Data Structures in Python

by Alex Gaynor

Python is awesome because it implements basic data structures as described by Knuth.

Paraphrase: The Python core has read Knuth so we don’t have to!

Alex Commandments

  1. Use types idiomatically
  2. Sometimes you don’t get a choice
  3. Be efficient, when it doesn’t cost you anything
  4. sometimes you habe more than one concern to deal with. The standard lib can help!
  5. Don’t do more than you have to: collections.abc are there to help.

Builtins

  • list vs tuple
  • list vs set
  • set vs frozenset

list vs tuple

“I only use tuples if using a namedtuple would be equally appropriate”

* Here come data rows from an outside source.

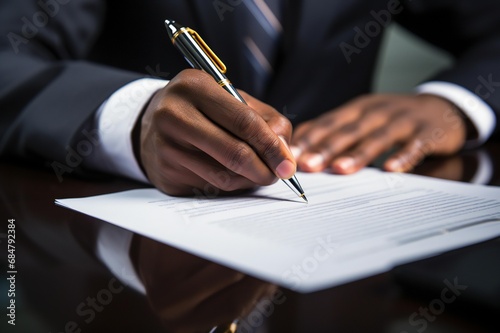 Financial Transaction: A Hand Signing a Payment Document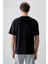 Siyah Pamuklu Kalın Yumuşak Dokulu Oversize Fit Baskılı Erkek T-Shirt - 88373 5
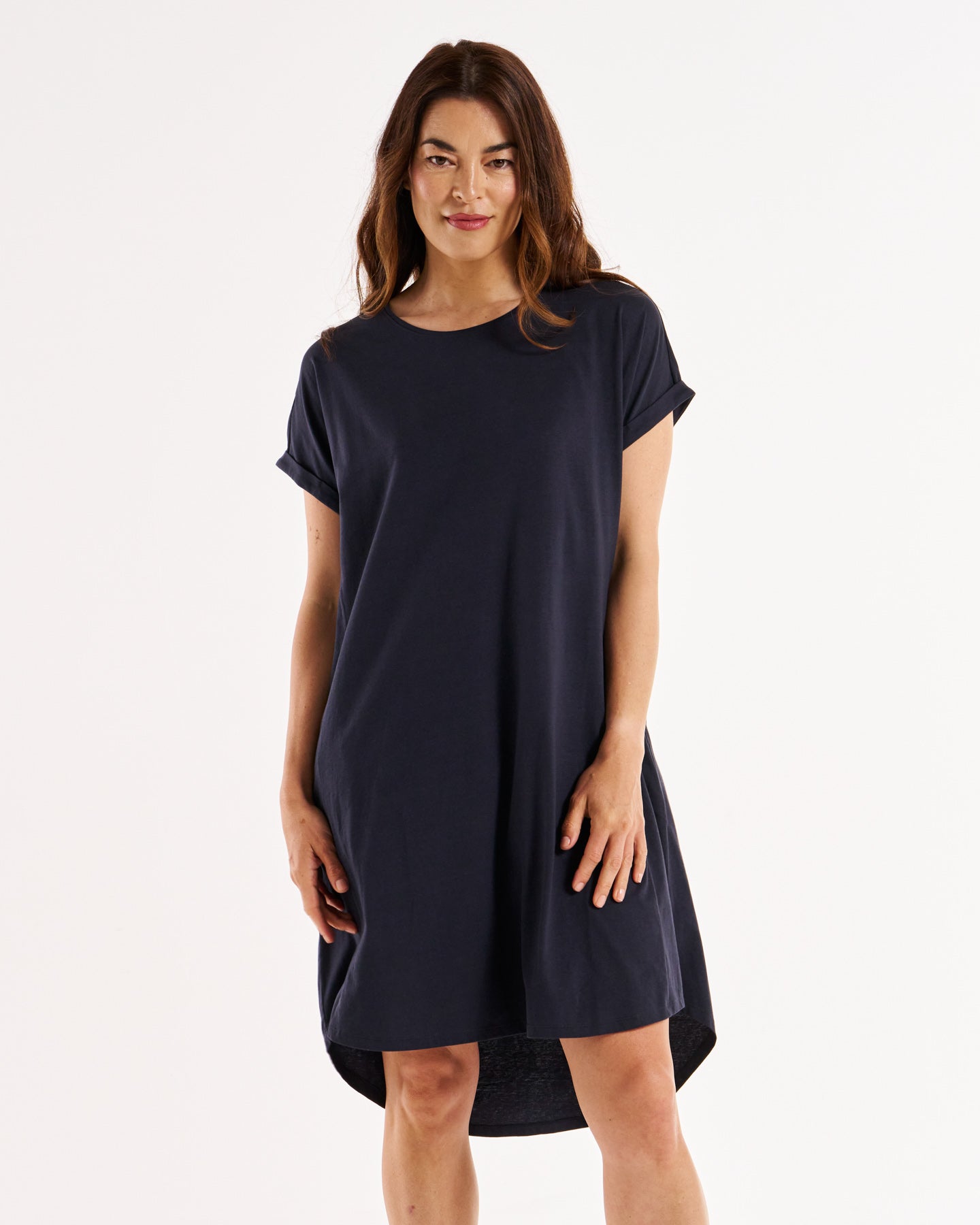 Maxine T-Shirt Dress - Coal-Dresses-Betty Basics-The Bay Room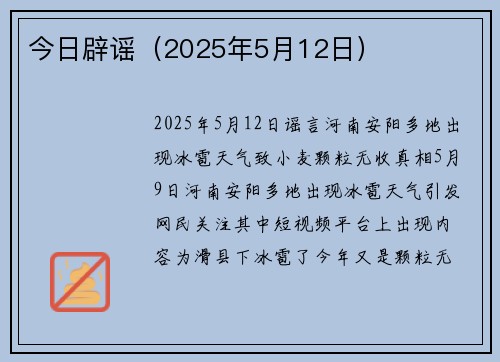今日辟谣（2025年5月12日）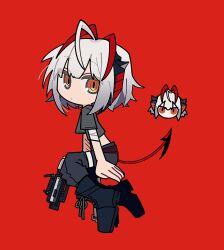 Rule 34 | 1girl, ahoge, antenna hair, arknights, bandaged arm, bandages, black footwear, black shirt, boots, chibi, commentary request, cropped shirt, demon girl, demon horns, demon tail, full body, grey hair, gun, highres, holding, holding gun, holding weapon, horns, looking at viewer, material growth, multicolored hair, orange eyes, oripathy lesion (arknights), red background, red hair, sanada ima, shirt, simple background, solo, streaked hair, t-shirt, tail, w (arknights), w (fugue) (arknights), weapon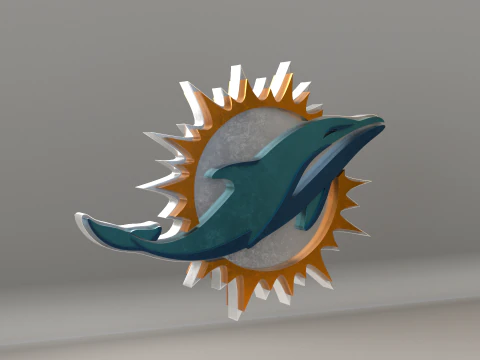 NFL Miami Dolphins Logo 3D Model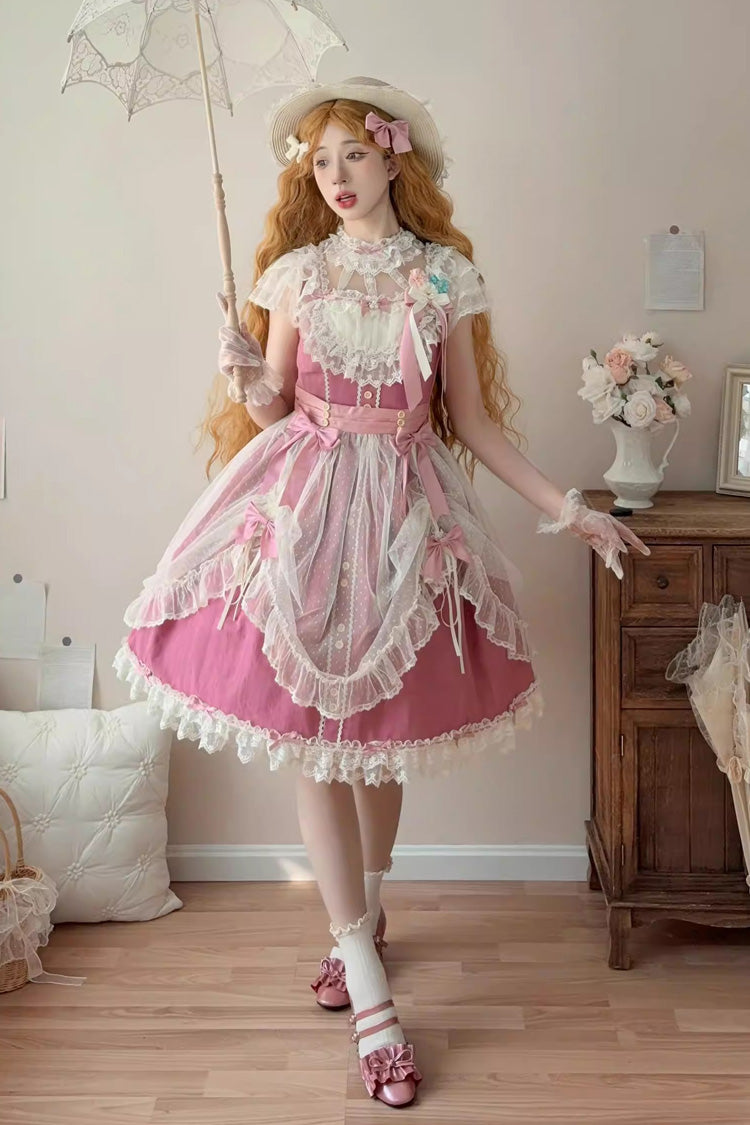 Lolita Jumper Skirt - Sakura’s Spring Resonance, Red, Short Version, Short Length - main product image
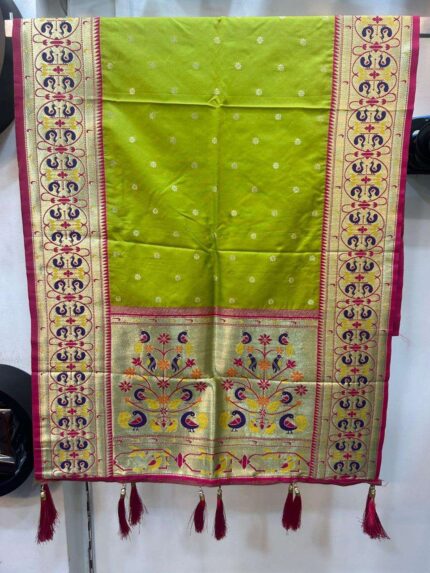 Semi silk Paithani shela with peacock borders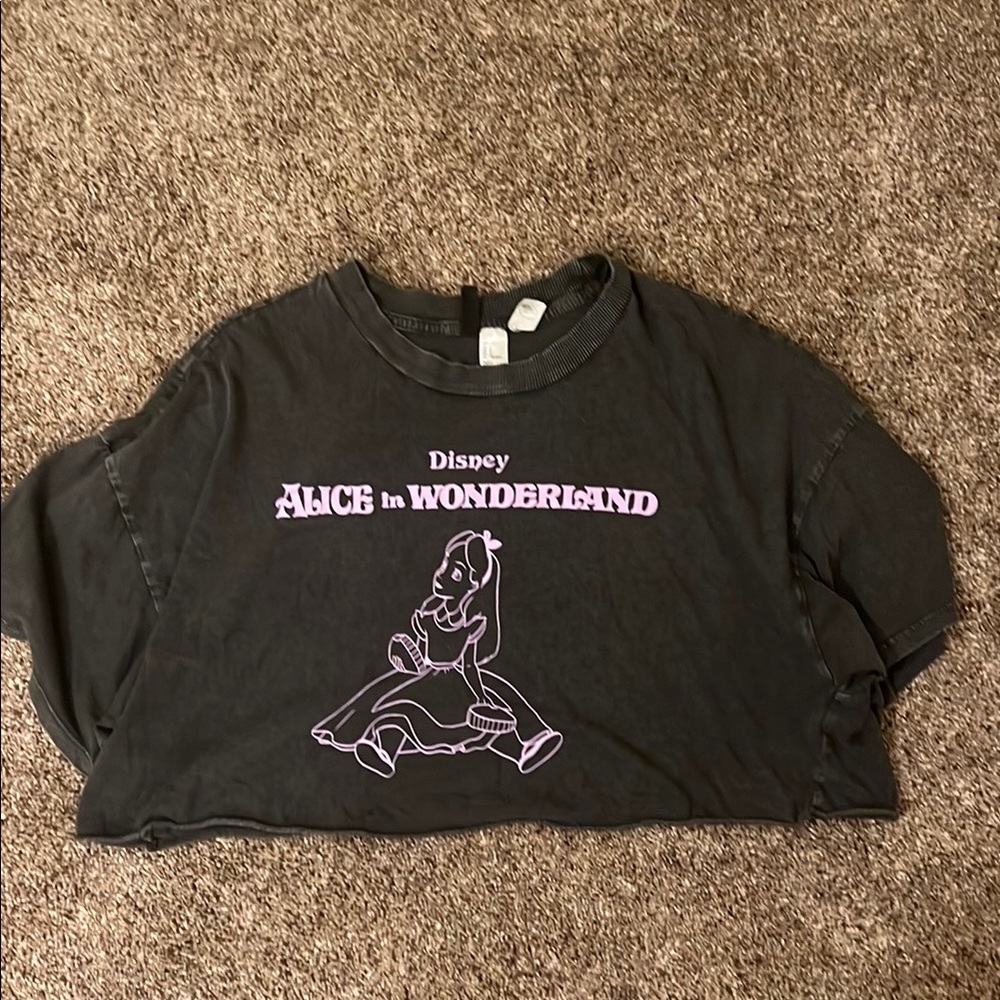 Disney Black Tee with Pink Alice in Wonderland Design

Not a performance or mutability issue, but use them idiomatically

sets vs lists

  • lists have an order, sets don’t
  • sets must be hashable
  • sets let you check for uniqueness super-fast

sets vs frozenset

blah blah

The stdlib

collections.OrderedDict

  • new in 2.7

  • For when you have a dict that needs an order

  • Syntax:

    OrderedDict([
        ("name":Field),
        ("type":Field),
        ("state": Field),
    ])
    

collections.deque

  • Fact: list.pop(0) and list.insert(0) are slow
  • Good for in memory logs and such

Other

  • Array: Good for a bunch of types of the same sort
  • heapq: Look into it.

Do It Yourself

When you have to do it yourself use collections.abc!

  • abstract base classes for extending collections

  • Because you don’t subclass dict ever!!!!

    • Subclassing Python’s builtin containers tends not to behave as we want
    • Subclassing the ABCs does
  • OrderedSet example: http://code.activestate.com/recipes/576694/